WHAT TO PRODUCE
Using the records below, transcribe word for word the stretch from the line that contains "Rouleau de papier" through the line that contains "Суппорт тормозной передний правый", both end lines included, and nothing else.

DATA RECORDS below:

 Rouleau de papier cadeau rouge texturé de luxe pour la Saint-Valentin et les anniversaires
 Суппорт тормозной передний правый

End of DATA RECORDS.
DATA RECORDS below:

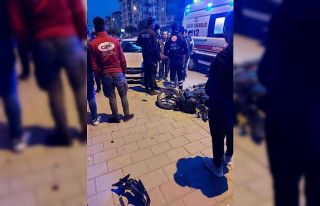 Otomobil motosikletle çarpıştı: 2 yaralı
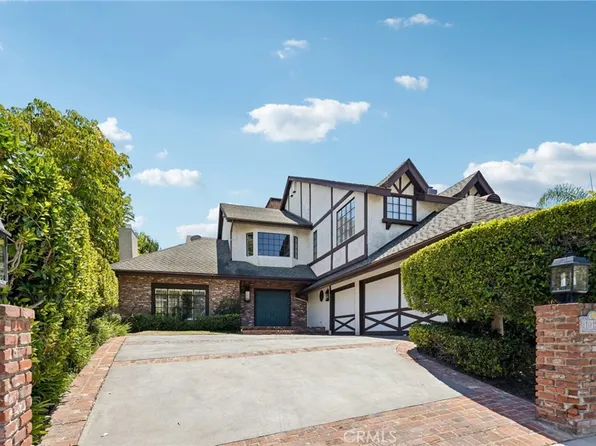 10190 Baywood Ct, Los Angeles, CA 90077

End of DATA RECORDS.
DATA RECORDS below:

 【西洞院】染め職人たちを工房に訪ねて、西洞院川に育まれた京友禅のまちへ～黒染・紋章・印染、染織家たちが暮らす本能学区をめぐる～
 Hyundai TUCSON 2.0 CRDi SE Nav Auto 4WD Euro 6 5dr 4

End of DATA RECORDS.

ANSWER
 Rouleau de papier cadeau rouge texturé de luxe pour la Saint-Valentin et les anniversaires
 Суппорт тормозной передний правый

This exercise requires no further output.